The experience economy is in full bloom, and people are obsessed with interactive, immersive experiences. But one haunted house, so scary that the haunt community even refuses to claim it, may be crossing the line into bonafide torture.
The McKamey Manor, started in San Diego, now has locations in Tennessee and Alabama. While the only entry fee is a bag of dog food, which goes to the owner’s dogs or his favorite dog charity, I think that your sanity and physical wellness is a much bigger sacrifice than the usual $30–40 for a haunted house.
The experience, dubbed a “living nightmare,” is intense to say the least. The torture possibilities are laid out in the 40 page waiver that participants sign (after they pass a physical and mental evaluation and drug test, of course): getting your teeth pulled, consuming animal feces, getting fingernails pulled out, coming into contact with venomous animals, getting your head shaved, just to name a few.
People are terrified, confused, but intrigued. Just take a look at the results that come up if you search McKamey Manor on Google:
The traumatic nature of the experience is clear from the moment the tour starts, when participants are involved in a simulated abduction, though the severity of the aggression varies.
A tour can last anywhere from four to ten hours, and if you make it all the way through, you get $20,000. No one has made it through.
Before, safe words were not allowed, but they “are” now — whether they are actually listening to the safe words is up for question. Several former participants recall the torture going on for hours after they begged for an end. And since every journey is recorded and posted online, the whole world has access to seeing your humiliation and desperation. But don’t worry, they give you cookies and a blanket when you conclude your journey.
While no one has died (yet), incidents of serious mental and physical damage have been reported.

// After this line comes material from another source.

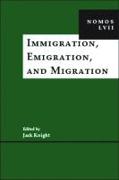 Immigration, Emigration, and Migration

Victims, however, are unable to nail McKamey Manor with a lawsuit because it is perfectly legal — everyone signs that huge waiver that says exactly what they can do to you.
My questions are: who would ever go to this and who would ever work here?

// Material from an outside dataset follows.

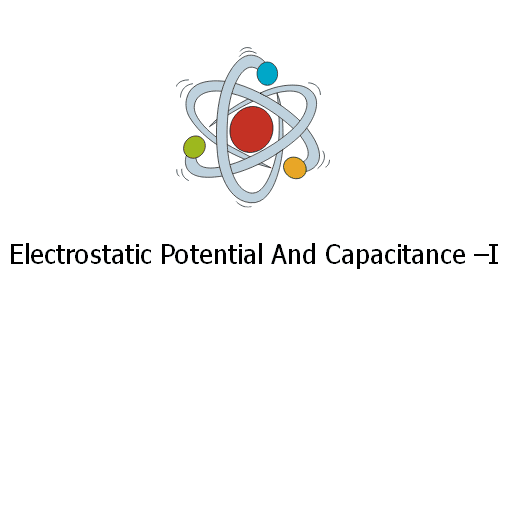 Electrostatic Potential And Capacitance –I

To me, the $20,000 just doesn’t seem worth possibly being buried alive, getting my teeth pulled, or having limbs broken. Maybe it’s some sadistic need or adrenaline addiction that draws people in. There is currently a 24,000-person waitlist. That’s a lot of adrenaline junkies, psychopaths, and/or people really desperate for money.
The actors here have also stirred up a lot of controversies. People often note the creepy laughter that makes the employees seem like they are getting genuine enjoyment out of torturing their victims. I’m not surprised though, who else would sign up to be a part of an hours-long torture house?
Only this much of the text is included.